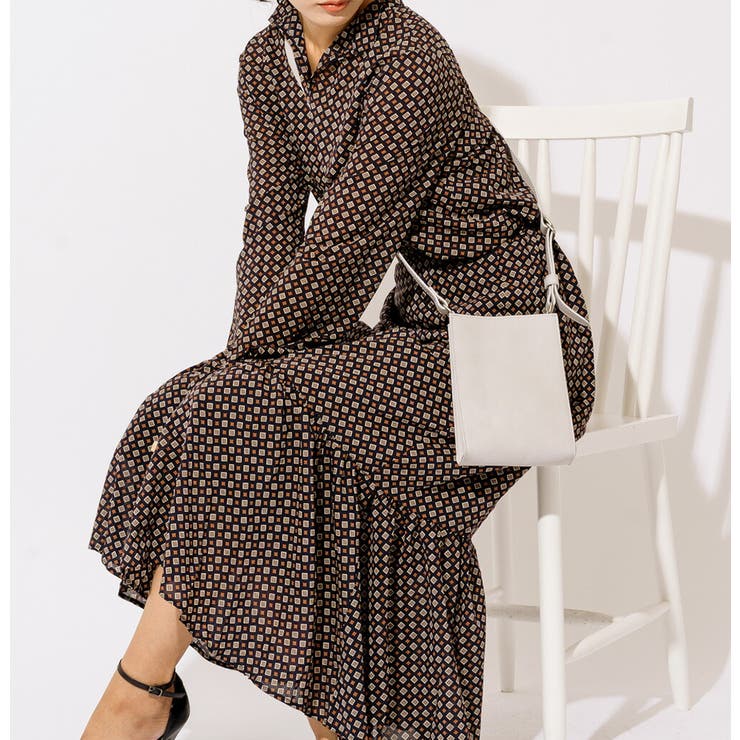 ショルダーバッグ レディース 斜めがけ | DEVICE | 詳細画像12 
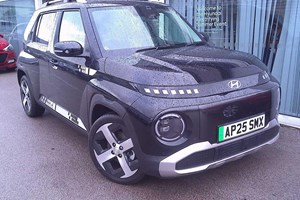 Hyundai Inster SUV (25 on) 85kW 02 49kWh 5dr Auto For Sale - Read Hyundai Kings Lynn, Kings Lynn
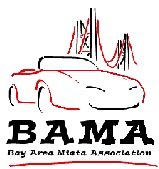 BAMA!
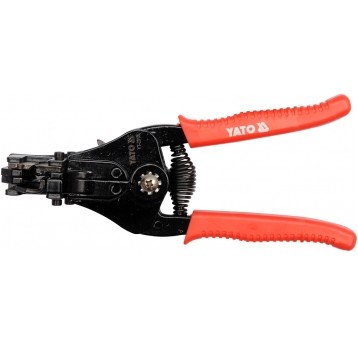 AUTOMATYCZNY ŚCIĄGACZ IZOLACJI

■ ■ ■

* [Work item] Return all the data above as written, leaving out only the pictures.

* [Output for this exercise]
 ショルダーバッグ レディース 斜めがけ | DEVICE | 詳細画像12 
 Hyundai Inster SUV (25 on) 85kW 02 49kWh 5dr Auto For Sale - Read Hyundai Kings Lynn, Kings Lynn
 BAMA!
 AUTOMATYCZNY ŚCIĄGACZ IZOLACJI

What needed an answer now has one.